[SQL] Writing Efficient SQL Queries


Think of yourself building a program. It can be any types, such as website, app, etc. These applications may require database to show the data that the user requested.
For example, you can think of a table that stores GPS-related data. The longitude and latitude are stored in the database every second. One row increases every second. And… let’s say you have 10,000 users that use your application. Then your DB receive 10,000 rows a second.
How are you going to deal with such circumstance? In this article, I will be introducing three key strategies/skills we can use to make our SQL queries more efficient.
1. Only Select Columns You Want
It is tempting to start your query with SELECT * FROM
. However, what if your table has a column that stores large scale of texts?
For example, the table reviews
has a column called description
. Even though your application has set a limit of characters for restaurant review, selecting description
column when you do not need is very inefficient.
Example code:
star_query = "SELECT * FROM `bigquery-public-data.github_repos.contents`"
show_amount_of_data_scanned(star_query)
basic_query = "SELECT size, binary FROM `bigquery-public-data.github_repos.contents`"
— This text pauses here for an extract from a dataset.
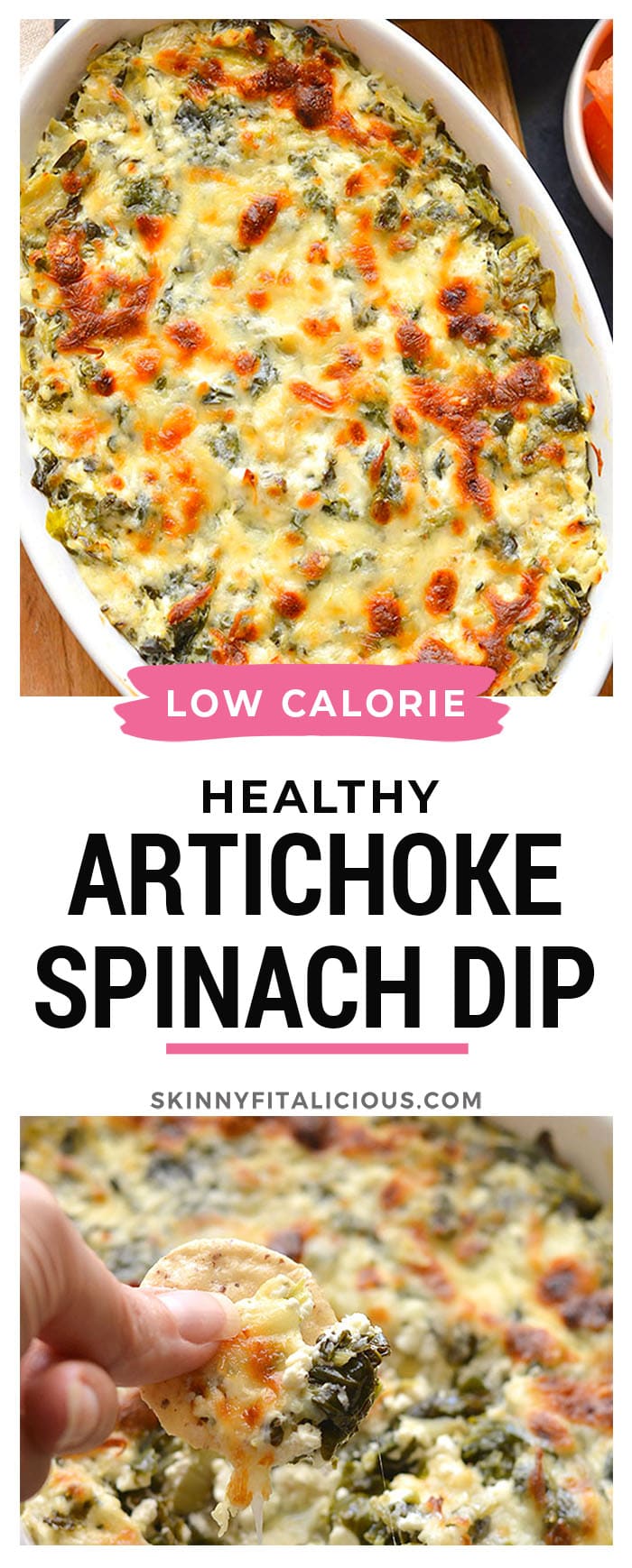 Healthy Spinach Artichoke Dip! Made higher protein and lower calorie with cottage cheese and Greek yogurt, this healthy side dish is delicious served as an appetizer with veggies, crackers or chips! Gluten Free + Low Calorie + Low Carb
show_amount_of_data_scanned(basic_query)
Data processed: 2682.118 GB
Data processed: 2.531 GB
2. Read Less Data
Reading less data, in other words, we want to scan less data. It’s not very different from the first strategy. For example, you are selecting a.name
where a.id = b.id
. In this case, you are scanning three columns to retreive just a single column. Actually, you can get the same result with less columns scanned.
More efficient code:
more_data_query = """
SELECT MIN(start_station_name) AS start_station_name,
MIN(end_station_name) AS end_station_name,
AVG(duration_sec) AS avg_duration_sec
FROM `bigquery-public-data.san_francisco.bikeshare_trips`
WHERE start_station_id != end_station_id
GROUP BY start_station_id, end_station_id
LIMIT 10
"""
show_amount_of_data_scanned(more_data_query)
less_data_query = """
SELECT start_station_name,
end_station_name,
AVG(duration_sec) AS avg_duration_sec
FROM `bigquery-public-data.san_francisco.bikeshare_trips`
WHERE start_station_name != end_station_name
GROUP BY start_station_name, end_station_name
LIMIT 10
"""
show_amount_of_data_scanned(less_data_query)
In more_data_query
example, you are scanning FIVE columns.
start_station_name
end_station_name
duration_sec
start_station_id
end_station_id
In less_data_query
, you are scanning THREE columns.
start_station_name
end_station_name
duration_sec
Data processed: 0.076 GB
Data processed: 0.06 GB
3. Avoid N:N JOINs
First, let’s have a look at different types of x-to-x JOINs
1:1 JOIN
Most of the JOINs that you have executed in this course have been 1:1 JOINs. In this case, each row in each table has at most one match in the other table.
N:1 JOIN
Another type of JOIN is an N:1 JOIN. Here, each row in one table matches potentially many rows in the other table.
N:N JOIN
Finally, an N:N JOIN is one where a group of rows in one table can match a group of rows in the other table. Note that in general, all other things equal, this type of JOIN produces a table with many more rows than either of the two (original) tables that are being JOINed.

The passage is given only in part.